On Sat, Mar 01, 2003 at 05:10:42AM +0000, Louis C. Candell wrote:
> >after several sysadmins had used it with no problems - even power outages.  
> >In fact before they implemented it they did extensive tests by pulling the 
> >plug.  XFS came back up and ran without a hitch and that has been born out 
> >through actual experience. One of it's strong points is the robustness and 
> >ability to take hits ext2 can't handle.  Another nice feature is it recovers 
> >from outages quickly where on big file systems ext2 can take 30+ minutes to 
> >fsck.
> 
> Heh, say that to my mp3 pentium2 gentoo box which now registers mod_php
> as pornview.... 
> 
> Pull the plug out of the box right after compilation and while it is
> installing the program, libraries and files in their respective
> locations and tell me what happens.
> 
> Also, do some work on a file for 3 hours without saving and then go
> ahead and save while pulling the plug out of the box 1/4-1/2 second
> after doing C-x C-s or pressing save and you tell me how much of the
> file is there... I would be more than willing to bet the last 3-5
> seconds worth of saving, work and general changes you made before an
> abrupt shutdown have been L O S T.

Personally, I've had great luck with reiserfs, but I don't think
the cases you cite are problems in XFS's behavior.  In fact the
one about losing your changes is by design.  XFS can only try to
ensure that either _all_ your changes to a file get saved or none
of them do.  That's why you'd lose all the work, because it
didn't get far enough to save all of it.

With the problem where libraries got half installed, the
filesystem can only ensure that changes to a single file happen
or don't happen.  It has no way of viewing an entire emerge
operation as a transaction.  If you pull the plug when half the
libraries are installed and half are not, it's going to break no
matter what filesystem you're using.

> This box is 90% XFS on LVM on RAID-0... trust me, I *enjoy* using XFS,
> but have found abrupt losses of power have you lose the last 3-5 
> seconds of work you were doing on the system.
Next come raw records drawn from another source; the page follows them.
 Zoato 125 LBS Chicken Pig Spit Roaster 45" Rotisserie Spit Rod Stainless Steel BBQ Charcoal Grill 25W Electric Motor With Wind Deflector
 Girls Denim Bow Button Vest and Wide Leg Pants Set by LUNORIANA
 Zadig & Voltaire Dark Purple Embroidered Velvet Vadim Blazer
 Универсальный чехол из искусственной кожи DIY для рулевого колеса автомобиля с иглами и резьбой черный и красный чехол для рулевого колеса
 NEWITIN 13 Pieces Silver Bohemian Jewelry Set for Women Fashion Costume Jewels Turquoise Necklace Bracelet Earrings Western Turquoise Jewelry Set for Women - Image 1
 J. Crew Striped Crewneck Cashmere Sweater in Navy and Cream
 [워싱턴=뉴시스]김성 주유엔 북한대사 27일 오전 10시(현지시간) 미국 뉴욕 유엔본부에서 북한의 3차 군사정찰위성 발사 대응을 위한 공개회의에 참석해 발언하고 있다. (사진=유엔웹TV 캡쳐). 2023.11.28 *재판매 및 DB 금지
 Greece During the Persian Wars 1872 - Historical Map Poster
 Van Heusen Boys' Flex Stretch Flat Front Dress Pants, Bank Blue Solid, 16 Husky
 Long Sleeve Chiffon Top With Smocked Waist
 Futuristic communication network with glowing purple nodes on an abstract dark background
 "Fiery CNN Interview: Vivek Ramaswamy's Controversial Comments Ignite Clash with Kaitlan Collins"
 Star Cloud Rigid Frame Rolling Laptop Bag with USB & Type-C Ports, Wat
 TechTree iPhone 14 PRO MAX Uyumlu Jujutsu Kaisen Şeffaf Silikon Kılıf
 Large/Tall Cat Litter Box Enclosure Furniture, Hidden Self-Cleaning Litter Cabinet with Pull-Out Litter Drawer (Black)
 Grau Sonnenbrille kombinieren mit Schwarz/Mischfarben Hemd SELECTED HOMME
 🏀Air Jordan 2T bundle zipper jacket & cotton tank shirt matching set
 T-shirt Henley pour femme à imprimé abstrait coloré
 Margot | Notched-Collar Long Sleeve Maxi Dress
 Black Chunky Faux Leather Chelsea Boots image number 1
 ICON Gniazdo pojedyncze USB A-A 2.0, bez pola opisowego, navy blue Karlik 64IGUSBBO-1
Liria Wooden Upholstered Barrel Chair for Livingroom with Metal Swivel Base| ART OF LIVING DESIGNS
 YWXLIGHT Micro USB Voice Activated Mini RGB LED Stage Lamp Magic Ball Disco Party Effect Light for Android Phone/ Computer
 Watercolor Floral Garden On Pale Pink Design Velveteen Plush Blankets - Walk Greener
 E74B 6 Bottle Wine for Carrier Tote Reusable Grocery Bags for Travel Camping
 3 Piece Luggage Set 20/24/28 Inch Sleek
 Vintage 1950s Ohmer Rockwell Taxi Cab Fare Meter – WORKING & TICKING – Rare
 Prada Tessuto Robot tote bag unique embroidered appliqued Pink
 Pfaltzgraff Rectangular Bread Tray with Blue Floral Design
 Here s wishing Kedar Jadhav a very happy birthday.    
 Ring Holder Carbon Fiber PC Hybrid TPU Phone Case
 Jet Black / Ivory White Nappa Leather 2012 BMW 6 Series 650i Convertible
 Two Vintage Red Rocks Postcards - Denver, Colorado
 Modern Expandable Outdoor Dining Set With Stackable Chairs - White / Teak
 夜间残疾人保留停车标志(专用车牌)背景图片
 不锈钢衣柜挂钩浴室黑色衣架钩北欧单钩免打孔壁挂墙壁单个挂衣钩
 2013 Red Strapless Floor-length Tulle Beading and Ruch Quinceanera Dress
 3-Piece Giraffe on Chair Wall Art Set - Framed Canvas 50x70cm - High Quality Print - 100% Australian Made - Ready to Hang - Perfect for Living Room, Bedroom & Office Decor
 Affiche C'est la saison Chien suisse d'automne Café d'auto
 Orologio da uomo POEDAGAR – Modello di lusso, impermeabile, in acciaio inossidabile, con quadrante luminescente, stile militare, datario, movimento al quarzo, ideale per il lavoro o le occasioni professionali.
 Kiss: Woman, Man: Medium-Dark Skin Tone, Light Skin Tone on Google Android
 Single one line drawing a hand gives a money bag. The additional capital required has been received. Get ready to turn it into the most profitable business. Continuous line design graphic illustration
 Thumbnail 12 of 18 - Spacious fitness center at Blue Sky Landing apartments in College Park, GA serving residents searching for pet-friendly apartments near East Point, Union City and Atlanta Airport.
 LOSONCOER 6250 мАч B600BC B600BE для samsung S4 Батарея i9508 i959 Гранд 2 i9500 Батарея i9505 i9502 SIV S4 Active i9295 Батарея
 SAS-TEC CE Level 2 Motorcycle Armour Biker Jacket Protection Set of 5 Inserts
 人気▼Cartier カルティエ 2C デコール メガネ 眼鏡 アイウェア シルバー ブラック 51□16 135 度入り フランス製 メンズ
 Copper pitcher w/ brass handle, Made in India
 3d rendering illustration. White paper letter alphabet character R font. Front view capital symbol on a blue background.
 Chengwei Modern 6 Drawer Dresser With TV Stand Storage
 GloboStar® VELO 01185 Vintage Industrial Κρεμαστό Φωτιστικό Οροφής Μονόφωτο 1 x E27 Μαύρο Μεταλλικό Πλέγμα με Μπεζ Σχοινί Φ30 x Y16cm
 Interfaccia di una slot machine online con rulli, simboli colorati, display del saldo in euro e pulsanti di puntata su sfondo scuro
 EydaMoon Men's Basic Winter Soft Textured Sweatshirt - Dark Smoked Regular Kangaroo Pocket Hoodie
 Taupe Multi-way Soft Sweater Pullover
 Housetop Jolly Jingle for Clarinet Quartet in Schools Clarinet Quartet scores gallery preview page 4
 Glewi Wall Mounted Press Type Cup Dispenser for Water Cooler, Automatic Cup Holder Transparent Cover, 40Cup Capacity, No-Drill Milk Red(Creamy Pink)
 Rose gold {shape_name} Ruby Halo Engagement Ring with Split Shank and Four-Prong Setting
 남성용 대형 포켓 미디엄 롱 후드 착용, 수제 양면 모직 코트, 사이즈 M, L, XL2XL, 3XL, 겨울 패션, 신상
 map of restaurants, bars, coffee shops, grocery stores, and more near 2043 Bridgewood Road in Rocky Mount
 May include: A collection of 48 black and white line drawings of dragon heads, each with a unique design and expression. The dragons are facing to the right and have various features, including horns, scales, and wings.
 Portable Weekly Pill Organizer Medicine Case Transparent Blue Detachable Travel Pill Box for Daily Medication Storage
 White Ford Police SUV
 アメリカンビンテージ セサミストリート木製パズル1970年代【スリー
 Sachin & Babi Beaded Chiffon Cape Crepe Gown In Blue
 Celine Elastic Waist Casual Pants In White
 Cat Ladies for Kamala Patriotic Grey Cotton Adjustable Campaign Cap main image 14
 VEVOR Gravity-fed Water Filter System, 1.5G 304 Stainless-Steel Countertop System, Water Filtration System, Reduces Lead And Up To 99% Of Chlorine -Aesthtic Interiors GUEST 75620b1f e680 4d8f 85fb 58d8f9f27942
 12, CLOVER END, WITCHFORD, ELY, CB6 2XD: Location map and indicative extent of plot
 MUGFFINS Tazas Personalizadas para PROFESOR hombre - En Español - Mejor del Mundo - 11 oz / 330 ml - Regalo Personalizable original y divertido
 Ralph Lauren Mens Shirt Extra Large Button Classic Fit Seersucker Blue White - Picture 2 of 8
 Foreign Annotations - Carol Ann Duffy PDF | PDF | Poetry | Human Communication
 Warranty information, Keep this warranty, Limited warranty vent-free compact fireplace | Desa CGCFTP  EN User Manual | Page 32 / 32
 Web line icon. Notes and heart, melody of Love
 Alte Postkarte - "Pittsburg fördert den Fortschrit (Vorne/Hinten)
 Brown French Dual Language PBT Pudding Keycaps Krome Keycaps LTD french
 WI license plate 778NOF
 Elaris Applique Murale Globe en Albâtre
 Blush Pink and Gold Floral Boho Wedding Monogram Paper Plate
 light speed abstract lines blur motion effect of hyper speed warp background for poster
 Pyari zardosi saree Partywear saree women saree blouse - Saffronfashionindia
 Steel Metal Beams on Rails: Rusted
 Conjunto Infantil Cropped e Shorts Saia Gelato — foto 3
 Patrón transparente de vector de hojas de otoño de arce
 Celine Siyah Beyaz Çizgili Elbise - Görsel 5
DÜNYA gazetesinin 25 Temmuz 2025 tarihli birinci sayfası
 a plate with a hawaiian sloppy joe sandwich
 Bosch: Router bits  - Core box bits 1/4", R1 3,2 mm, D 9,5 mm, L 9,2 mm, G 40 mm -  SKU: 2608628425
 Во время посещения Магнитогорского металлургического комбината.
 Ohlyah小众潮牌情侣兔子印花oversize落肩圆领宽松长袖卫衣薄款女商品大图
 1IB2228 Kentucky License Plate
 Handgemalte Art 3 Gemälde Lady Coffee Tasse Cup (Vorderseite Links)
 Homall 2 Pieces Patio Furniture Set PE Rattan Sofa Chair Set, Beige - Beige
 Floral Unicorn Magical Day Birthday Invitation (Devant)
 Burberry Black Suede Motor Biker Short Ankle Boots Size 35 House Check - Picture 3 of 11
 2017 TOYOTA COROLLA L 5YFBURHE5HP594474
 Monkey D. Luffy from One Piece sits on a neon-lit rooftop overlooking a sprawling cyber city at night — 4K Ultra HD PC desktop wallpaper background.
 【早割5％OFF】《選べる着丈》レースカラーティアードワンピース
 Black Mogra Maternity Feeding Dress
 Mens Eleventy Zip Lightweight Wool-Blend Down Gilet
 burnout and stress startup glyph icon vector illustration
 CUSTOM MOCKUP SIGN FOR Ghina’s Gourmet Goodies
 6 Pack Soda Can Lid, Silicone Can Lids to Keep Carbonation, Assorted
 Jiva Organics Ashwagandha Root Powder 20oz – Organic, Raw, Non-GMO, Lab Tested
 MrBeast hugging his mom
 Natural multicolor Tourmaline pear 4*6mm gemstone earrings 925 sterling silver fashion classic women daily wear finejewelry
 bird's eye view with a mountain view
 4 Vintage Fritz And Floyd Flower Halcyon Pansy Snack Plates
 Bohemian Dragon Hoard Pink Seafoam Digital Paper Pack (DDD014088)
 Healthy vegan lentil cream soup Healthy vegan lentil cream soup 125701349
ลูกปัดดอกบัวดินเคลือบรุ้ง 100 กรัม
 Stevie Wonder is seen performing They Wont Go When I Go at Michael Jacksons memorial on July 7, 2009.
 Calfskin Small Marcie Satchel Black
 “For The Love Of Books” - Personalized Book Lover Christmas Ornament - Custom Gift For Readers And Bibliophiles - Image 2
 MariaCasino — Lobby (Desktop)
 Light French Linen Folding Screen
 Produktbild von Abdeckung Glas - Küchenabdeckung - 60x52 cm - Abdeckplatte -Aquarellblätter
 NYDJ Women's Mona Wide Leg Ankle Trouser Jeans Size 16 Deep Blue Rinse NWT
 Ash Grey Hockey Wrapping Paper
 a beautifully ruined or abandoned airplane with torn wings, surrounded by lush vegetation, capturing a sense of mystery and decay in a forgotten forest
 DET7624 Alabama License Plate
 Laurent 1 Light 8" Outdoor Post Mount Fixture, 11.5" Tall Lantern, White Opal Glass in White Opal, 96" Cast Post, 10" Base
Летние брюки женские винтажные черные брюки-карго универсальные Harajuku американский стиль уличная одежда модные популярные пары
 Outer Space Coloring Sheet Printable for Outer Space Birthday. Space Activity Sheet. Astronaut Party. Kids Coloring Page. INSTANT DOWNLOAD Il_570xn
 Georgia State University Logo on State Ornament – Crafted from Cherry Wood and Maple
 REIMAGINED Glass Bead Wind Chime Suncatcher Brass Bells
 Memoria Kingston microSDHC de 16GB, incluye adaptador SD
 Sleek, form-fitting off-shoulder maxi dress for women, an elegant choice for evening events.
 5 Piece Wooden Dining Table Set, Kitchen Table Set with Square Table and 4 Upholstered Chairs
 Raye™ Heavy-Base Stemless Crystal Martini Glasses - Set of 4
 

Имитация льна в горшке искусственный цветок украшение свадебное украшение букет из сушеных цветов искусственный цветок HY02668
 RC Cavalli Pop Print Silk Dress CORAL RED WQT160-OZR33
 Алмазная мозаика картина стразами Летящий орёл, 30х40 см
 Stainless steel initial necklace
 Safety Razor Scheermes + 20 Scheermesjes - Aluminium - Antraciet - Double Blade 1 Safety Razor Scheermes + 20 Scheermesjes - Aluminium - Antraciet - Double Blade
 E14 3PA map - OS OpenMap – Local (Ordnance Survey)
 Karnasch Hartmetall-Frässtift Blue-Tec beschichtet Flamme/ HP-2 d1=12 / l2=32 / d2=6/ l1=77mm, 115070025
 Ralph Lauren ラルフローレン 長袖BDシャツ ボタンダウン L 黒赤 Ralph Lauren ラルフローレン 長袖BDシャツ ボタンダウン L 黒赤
I guess the 3 to 5 seconds might be somewhat large, so if you're
talking about a server whose logs have to be as up-to-date as
possible before a crash happens, then XFS might be a bad choice.
But that must be configurable somewhere.  It's got to be just a
buffer size or buffer flushing frequency setting of some sort.

> I understand the extensive tests, but I'm also speaking out of my own
> personal experience. Yes, a box on XFS comes RIGHT UP after a hard
> shutdown, but things are and will be missing.
> 
> If you dont take my word for it, maybe you will believe:
> 
> http://www.gentoo.org/doc/en/gentoo-x86-install.xml
> 
>  XFS is a filesystem with metadata journaling that is fully supported
>  under Gentoo Linux's xfs-sources kernel, but is generally not
>  recommended due to its tendency to lose recently-modified data if
>  your system locks up or unexpectedly reboots (as a result of power
>  failure, for instance)

Wow, that's weird.  For some special applications, like the one I
mentioned above, I could see that losing changes made 3-5 seconds
before a system crash might be bad, but I can't see how it would
be such a big deal for most setups.  Hopefully your system
doesn't crash very often, and if it does, what are the chances
that it happened right after you finally saved that 3 hours worth
of work?

    - richard

-- 
Richard Kilgore
[EMAIL PROTECTED]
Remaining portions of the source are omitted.